May 9, 2007 at 8:39pm

As dynasties go, it was short-lived. Just 68 years elapsed from the time Robert Worth Bingham bought the Louisville Courier-Journal and Times for $1.5 million in 1918 until the newspapers and other family holdings were sold for $448 million in 1986.

But it’s the back story that creates the Bingham fascination. As James Boylan wrote in the Columbia Journalism Review in 1991, the family is “a mingled yarn of sudden or mysterious death, with each generation mixing glittering success and dereliction, and finally an irresolvable struggle for dominance.”

That’s why four major books about the Louisville clan were published between 1987 and 1991.

The family traces its history in America to 1789. But the dynasty didn’t begin until almost 130 years later when Mary Lily Kenan Flagler died, leaving $5 million to her second husband, Robert Worth Bingham.

Flagler’s first husband was Henry Flagler, a ruthless partner with John D. Rockefeller in Standard Oil. In a second career, Henry pioneered the development of Florida. Miami would be named Flagler today if Henry hadn’t said no.

When Flagler fell down the stairs of his Palm Beach estate in 1913 and later died, Mary Lily, his third wife, became the richest woman in America and perhaps the world. At the time of her death in 1917, Mary Lily left an estate valued up to $100 million, the equivalent of more than $1.8 billion today.

However, Flagler apparently left Mary Lily more than money. She also had a serious form of syphilis. The mystery surrounding her death, just eight months after her marriage to Bingham, would haunt the dynasty to the end. Did Bingham, an old college acquaintance, facilitate Mary Lily’s death in order to collect his inheritance?

A Bingham son, Barry Bingham Sr., took over the media empire in 1937 and built the Louisville papers into national prominence.

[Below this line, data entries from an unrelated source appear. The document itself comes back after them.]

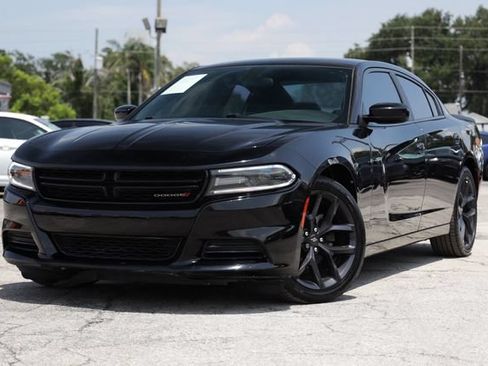 Used 2021 Dodge Charger SXT w/ Blacktop Package RWD image 1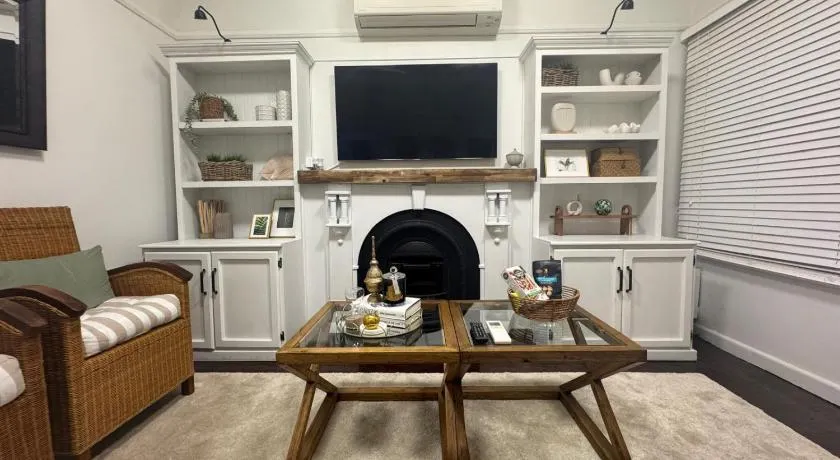 Pet Friendly Acer Arena Accommodation - Image 1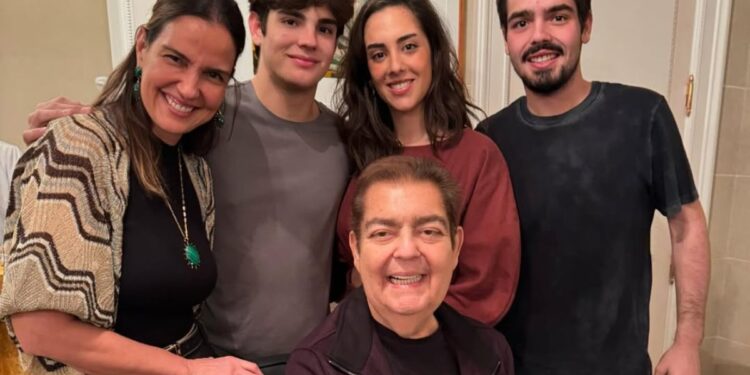 Filho de Faustão atualiza estado de saúde do apresentador após novos transplantes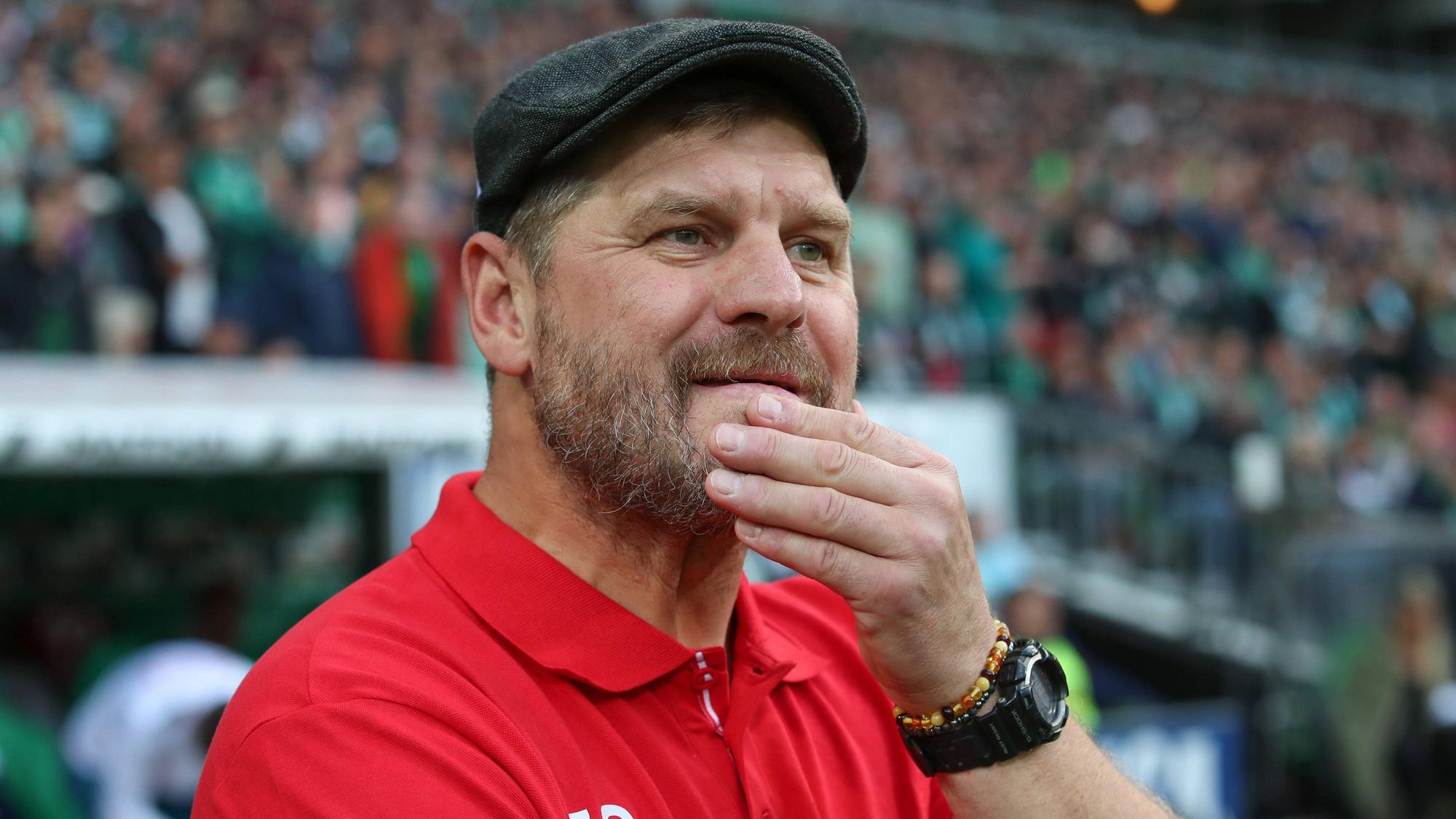 FC-Trainer Steffen Baumgart steht nachdenklich an der Seitenlinie in Bremen.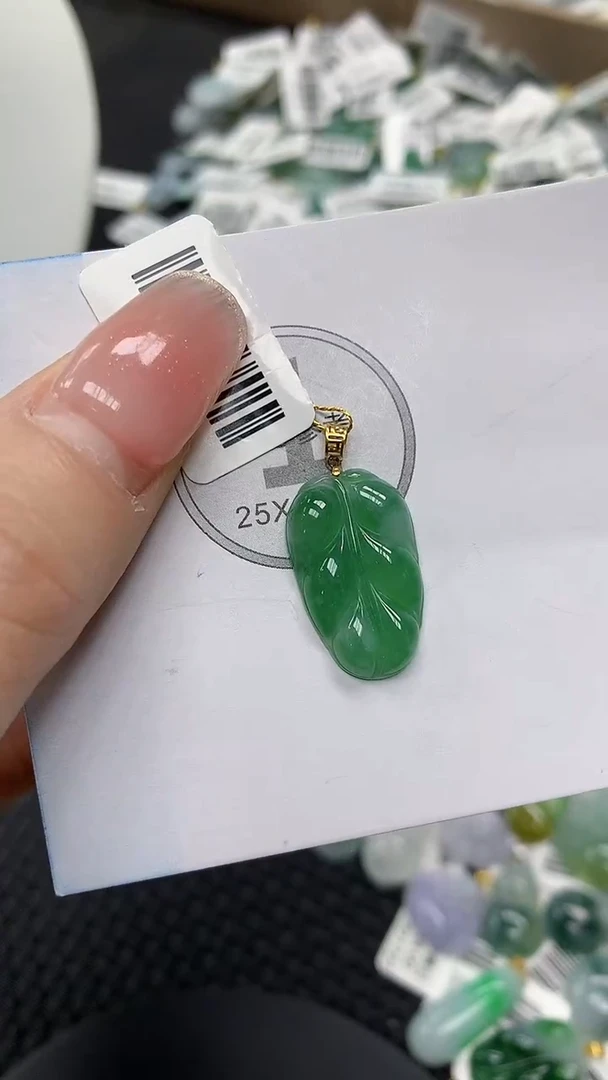 颈饰18K金镶嵌翡翠a货支持复检百元以上9元证书费自理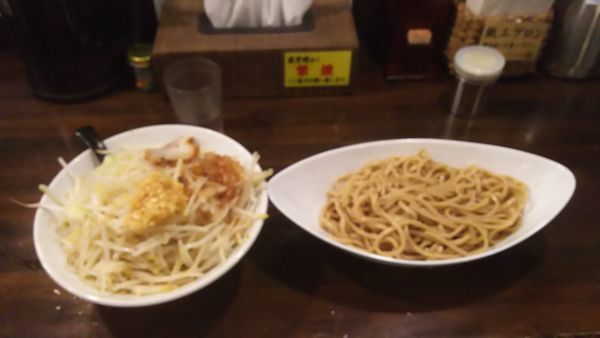 「濃厚Ｇ郎つけ麺(野菜増し・背脂増し) 魚粉節トッピング」@六代目 麺処「まるは」極 西船橋店の写真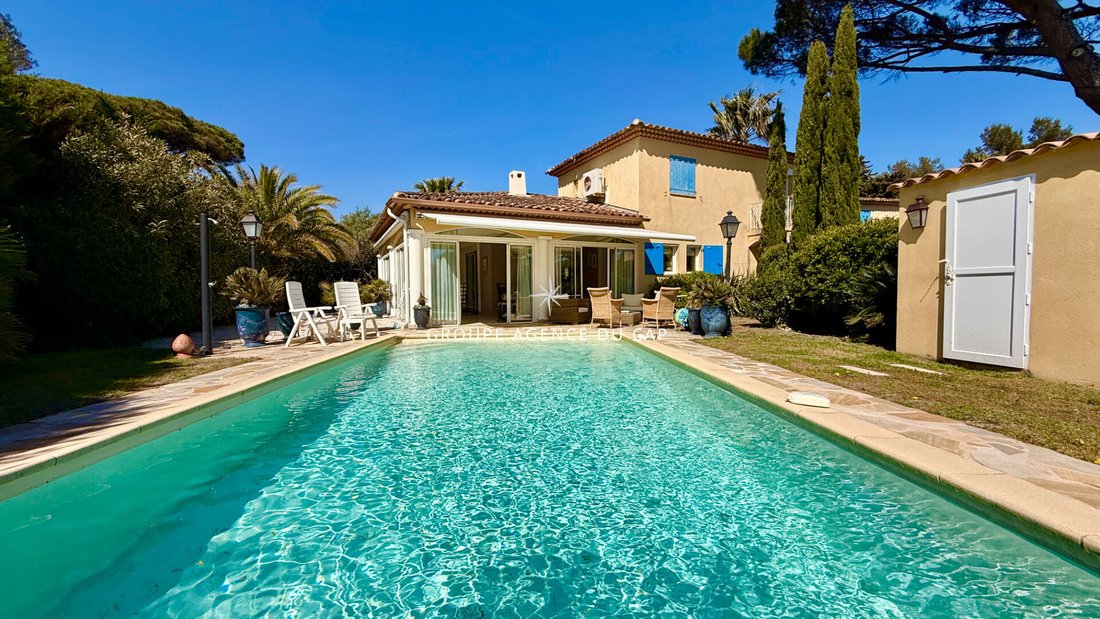 Villa in Nartelle-Noyer-Bellevue-bd des Sardinaux, Sainte-Maxime, France 1 - 17550168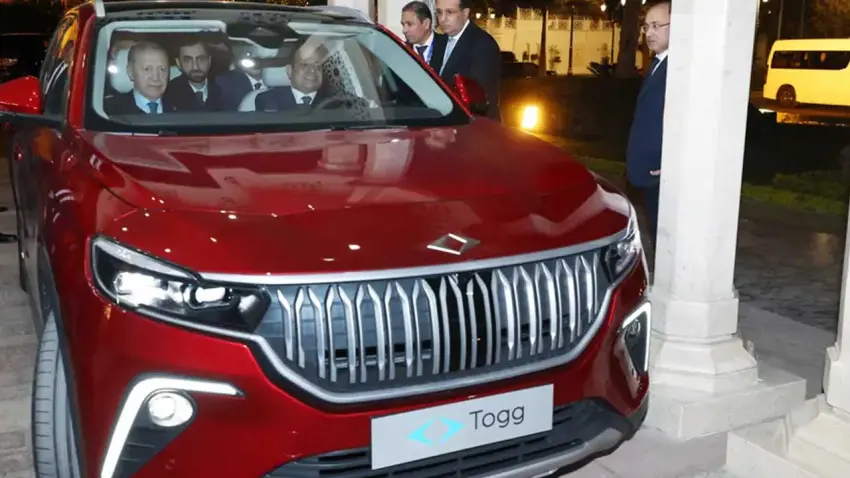 Cumhurbaşkanı Erdoğan, Sisi'ye Togg hediye etti haberinin görseli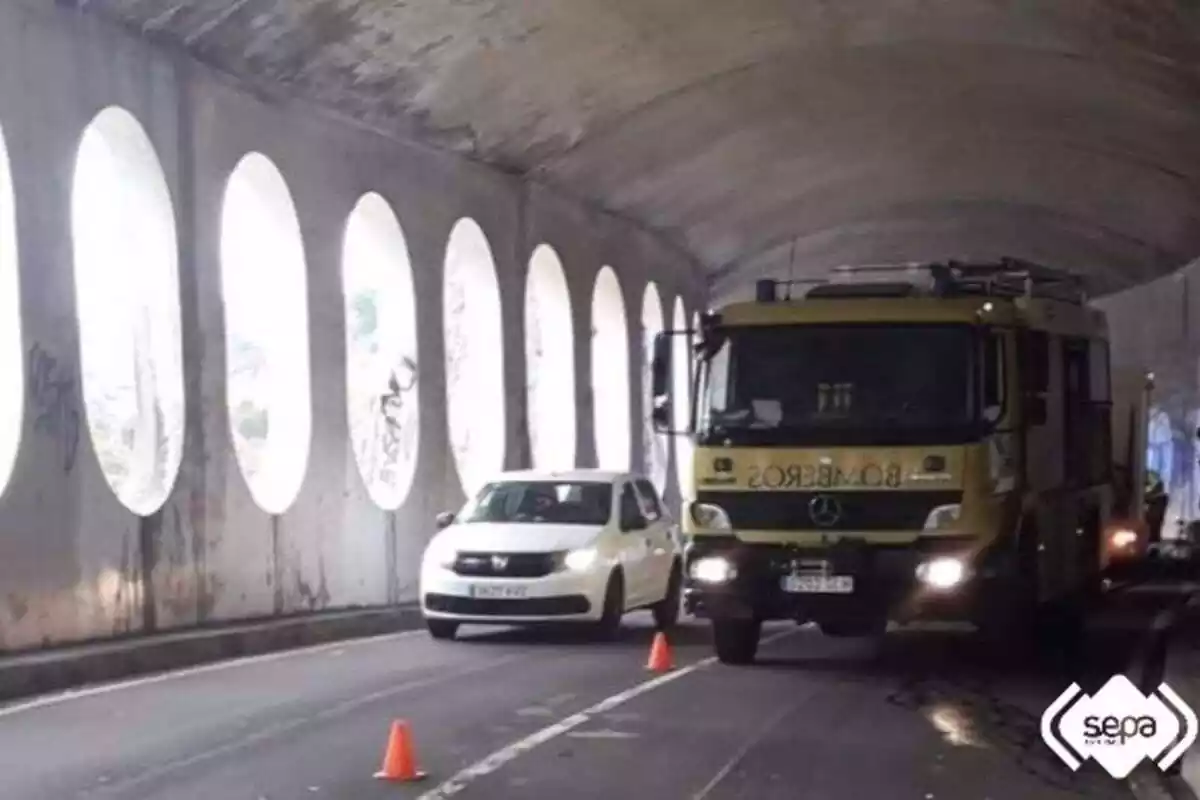 Camió de bombers en un túnel de Cabrales on ha tingut lloc un accident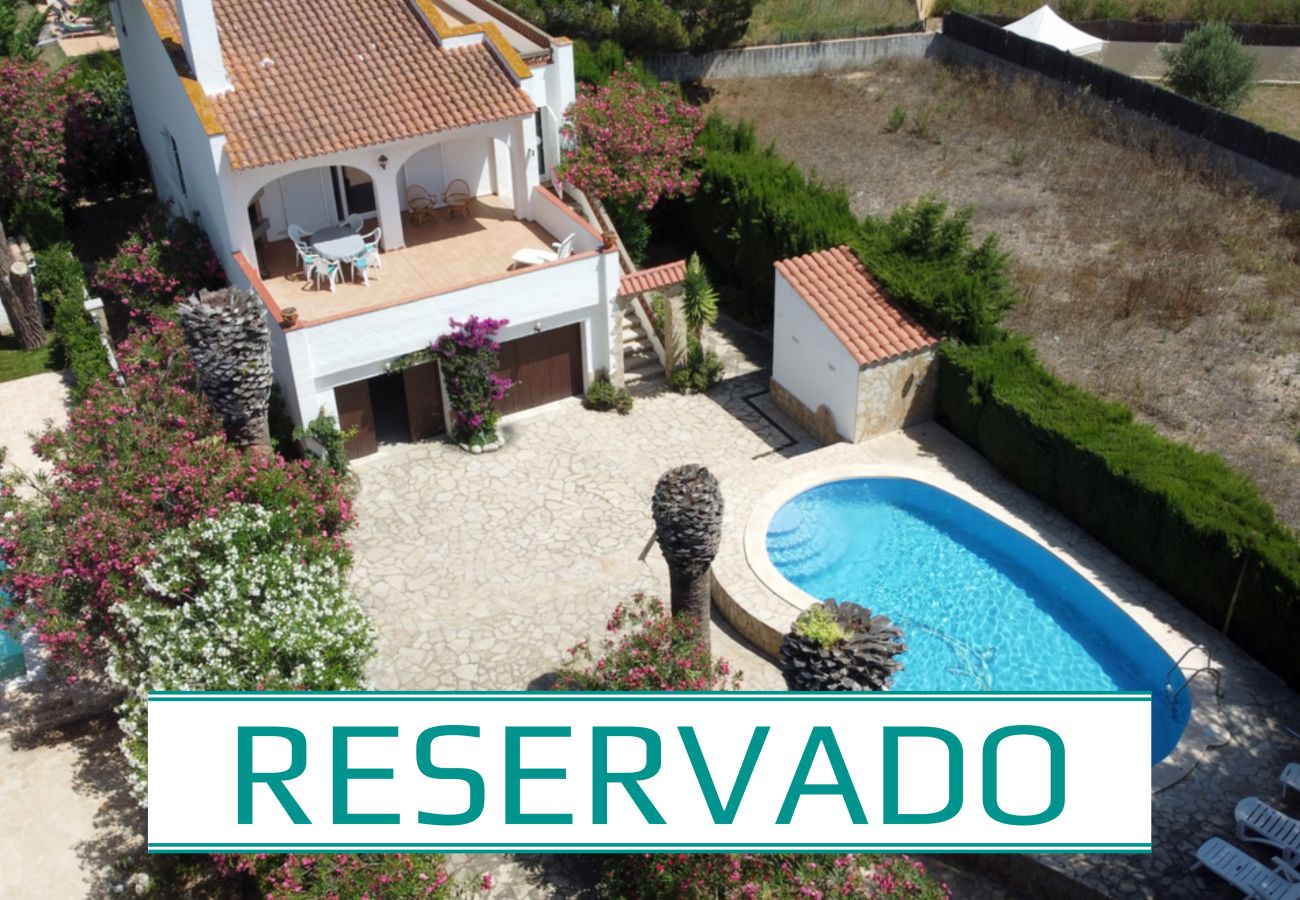 Villa in Torroella de Montgri - Villa with private pool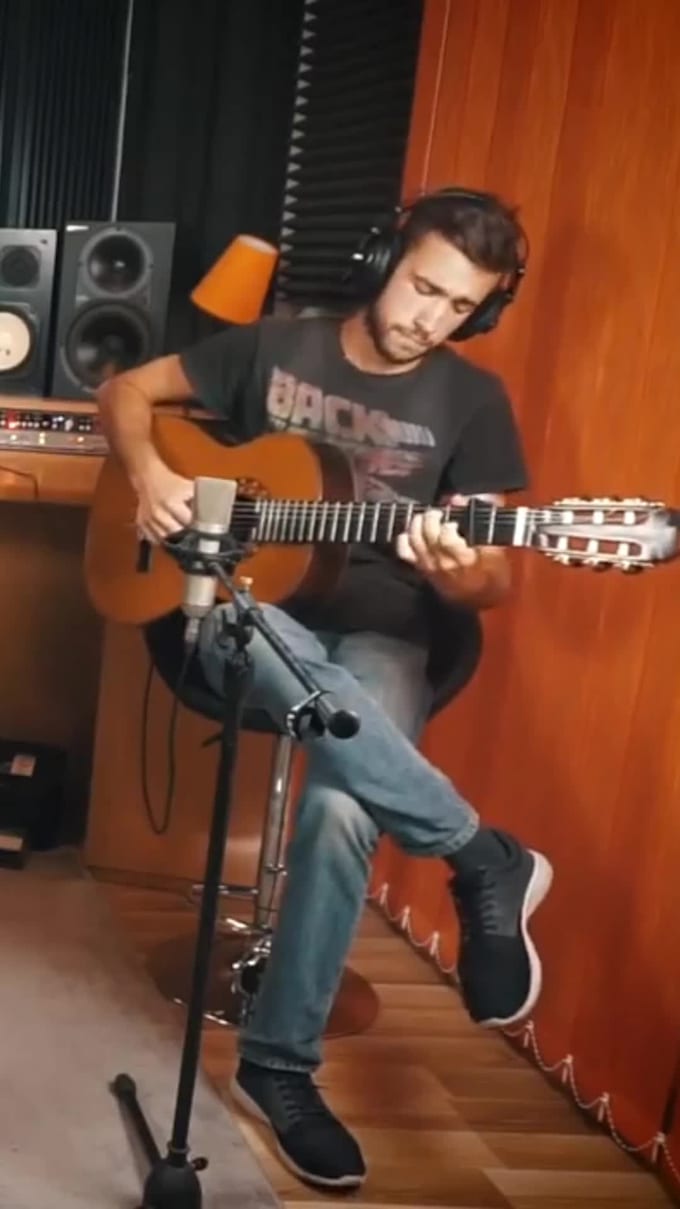 record acoustic or classical guitar for your song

He was the title character in the 1991 book about the family called, The Patriarch. Two of Barry Sr.’s sons died in accidents. The remaining son, Barry Jr., took over the company in 1971. Family infighting, especially between Barry Jr.’s sister, Sallie, and the rest of the family, sometimes about the old rumors involving Mary Lily, was rampant. At one point, Barry Jr. kicked his sisters off the board of directors.

Seeing no other solution, Barry Sr. put the empire on the auction block. Gannett bought the newspapers for $305 million. Television, radio, printing and other operations sold for $143 million.

The media dynasty was over. But the mystery remains.